Thursday, October 04, 2007



If You Really Knew Me

A few weeks ago we played this game at Young Life leadership called, “If You Really Knew Me, You’d Know…” where everyone sits in a big circle and then goes around the room sharing weird, random, and sometimes embarrassing personal facts about their lives… it’s a get to know you kinda thing where you find out that there are guys who crochet and girls who burp louder than any human should. It’s a time for people come clean about having every episode of Family Matters memorized, while others (like myself) admit to being completely obsessed with Harry Potter.

That game is a ton of fun and always good for a laugh, but while you definitely learn some crazy stuff about people, it’s not how you really get to know someone. To get to know a person… and I mean really know them, you have to spend time with them, talk to them, enter into their world and live your life alongside theirs. To really know someone, you have to share experiences, laugh together, cry together and just be together. There are tons of people in my life who I know and consider to be friends, but there are maybe only a few that I would say I really and truly know deeply, and those are not people I just randomly hang out with. Those people are the ones I’ve lived life with… the ones where I have sometimes had a hard time telling where my experiences end and theirs begin...

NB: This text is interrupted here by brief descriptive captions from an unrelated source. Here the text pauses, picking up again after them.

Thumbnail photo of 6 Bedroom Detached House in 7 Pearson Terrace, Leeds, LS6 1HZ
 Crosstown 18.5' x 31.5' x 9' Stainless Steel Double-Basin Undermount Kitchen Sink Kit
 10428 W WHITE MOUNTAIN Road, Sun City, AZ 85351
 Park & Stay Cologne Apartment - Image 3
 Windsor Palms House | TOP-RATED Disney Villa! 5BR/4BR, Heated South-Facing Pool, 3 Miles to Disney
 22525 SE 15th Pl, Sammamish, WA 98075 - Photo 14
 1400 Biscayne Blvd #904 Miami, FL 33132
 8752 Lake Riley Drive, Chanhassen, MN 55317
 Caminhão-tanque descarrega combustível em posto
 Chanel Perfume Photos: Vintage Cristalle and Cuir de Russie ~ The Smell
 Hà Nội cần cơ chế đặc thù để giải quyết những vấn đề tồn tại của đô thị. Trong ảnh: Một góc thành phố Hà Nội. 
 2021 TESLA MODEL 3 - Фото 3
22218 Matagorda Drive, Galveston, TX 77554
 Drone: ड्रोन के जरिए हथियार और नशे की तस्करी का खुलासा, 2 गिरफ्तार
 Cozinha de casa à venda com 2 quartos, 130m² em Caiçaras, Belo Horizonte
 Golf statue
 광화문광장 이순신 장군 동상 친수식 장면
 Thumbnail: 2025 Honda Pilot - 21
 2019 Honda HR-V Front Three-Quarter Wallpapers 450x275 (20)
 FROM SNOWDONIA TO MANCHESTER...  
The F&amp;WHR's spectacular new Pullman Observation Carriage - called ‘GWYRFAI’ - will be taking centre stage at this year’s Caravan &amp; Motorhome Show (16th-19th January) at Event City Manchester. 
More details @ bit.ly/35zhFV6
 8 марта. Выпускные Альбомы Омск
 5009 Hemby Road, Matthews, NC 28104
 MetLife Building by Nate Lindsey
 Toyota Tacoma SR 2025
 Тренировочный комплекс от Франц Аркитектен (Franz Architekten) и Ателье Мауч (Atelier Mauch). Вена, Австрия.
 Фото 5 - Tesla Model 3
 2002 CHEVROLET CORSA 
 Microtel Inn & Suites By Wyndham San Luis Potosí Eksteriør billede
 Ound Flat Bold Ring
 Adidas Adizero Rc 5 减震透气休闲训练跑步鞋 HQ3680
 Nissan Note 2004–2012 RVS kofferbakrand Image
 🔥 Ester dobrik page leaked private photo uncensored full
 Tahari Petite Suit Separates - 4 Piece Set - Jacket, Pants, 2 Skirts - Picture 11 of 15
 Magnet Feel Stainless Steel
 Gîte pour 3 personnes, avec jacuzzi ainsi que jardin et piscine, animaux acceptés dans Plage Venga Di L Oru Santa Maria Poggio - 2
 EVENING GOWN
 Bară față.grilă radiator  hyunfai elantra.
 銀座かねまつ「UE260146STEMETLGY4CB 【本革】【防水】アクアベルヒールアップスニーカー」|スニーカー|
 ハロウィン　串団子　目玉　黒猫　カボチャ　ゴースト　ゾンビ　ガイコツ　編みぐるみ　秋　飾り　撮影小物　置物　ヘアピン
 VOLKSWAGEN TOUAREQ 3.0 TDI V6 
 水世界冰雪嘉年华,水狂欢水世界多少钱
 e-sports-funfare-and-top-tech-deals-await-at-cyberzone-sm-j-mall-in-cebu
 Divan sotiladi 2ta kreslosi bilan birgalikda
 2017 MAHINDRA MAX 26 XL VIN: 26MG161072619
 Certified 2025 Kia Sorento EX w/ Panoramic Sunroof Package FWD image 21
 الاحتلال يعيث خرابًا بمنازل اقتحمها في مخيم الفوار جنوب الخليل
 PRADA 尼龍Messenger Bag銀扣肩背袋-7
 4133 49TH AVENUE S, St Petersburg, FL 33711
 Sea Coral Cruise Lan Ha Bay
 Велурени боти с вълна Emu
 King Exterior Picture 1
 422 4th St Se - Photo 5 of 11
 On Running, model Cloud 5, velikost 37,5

In Philippians 3, Paul makes an incredible statement… he says, “I want to know Christ.” When I first read that statement, it seemed a little weird… it’s like, “Well, Paul, you do know Him! He appeared to you! You have seen Him and spoken with Him… why would you say, “I want to know Christ?! If you don’t know Him, who does?” And I think that’s the key… Paul is not just talking about knowing Jesus… not even just believing in Him. He is referring to something bigger and deeper than having Jesus as an acquaintance. He’s talking about really knowing Him, almost like saying, “I want to be one of His best friends!”

Whenever I come across that verse, I can feel a deep emphasis on the word ‘know,’ almost as if Paul is shouting through the page and across the centuries that he really, really wants to know Jesus… not just know Him, but deeply and intimately know Him. And after he says that, he qualifies the statement with what he believes it takes to really know Jesus well. Because Jesus is a person after all, and you don’t really know Him just because you know random facts about Him… I mean, picture the Lord sitting in a circle in the living room saying, “If you really knew me, you’d know… Uh, let’s see… ah yes, you’d know that I can walk on water and read your mind… right this second.”

Paul says, “I want to know Christ and the power of His resurrection and the fellowship of sharing in His sufferings, becoming like Him in His death, and so, somehow, to attain to the resurrection from the dead.” What does it take to really know Jesus? Well, as I said, He’s a person, so you have to spend time with Him… live life with Him… share experiences… feel His hurt. Live your life with Jesus, learning what it means live a new life empowered by the resurrection. Live your life with Jesus learning what it means to suffer and have people mistreat you, talk about you and push you out of their lives because they don’t want God’s love. Live your life with Jesus, laying it down in sacrificial love every day… I don’t know about you, but I want a life like that… a life where I do more than just believe in Jesus… a life where I live alongside Him so that we share experiences and so that I might really know Him.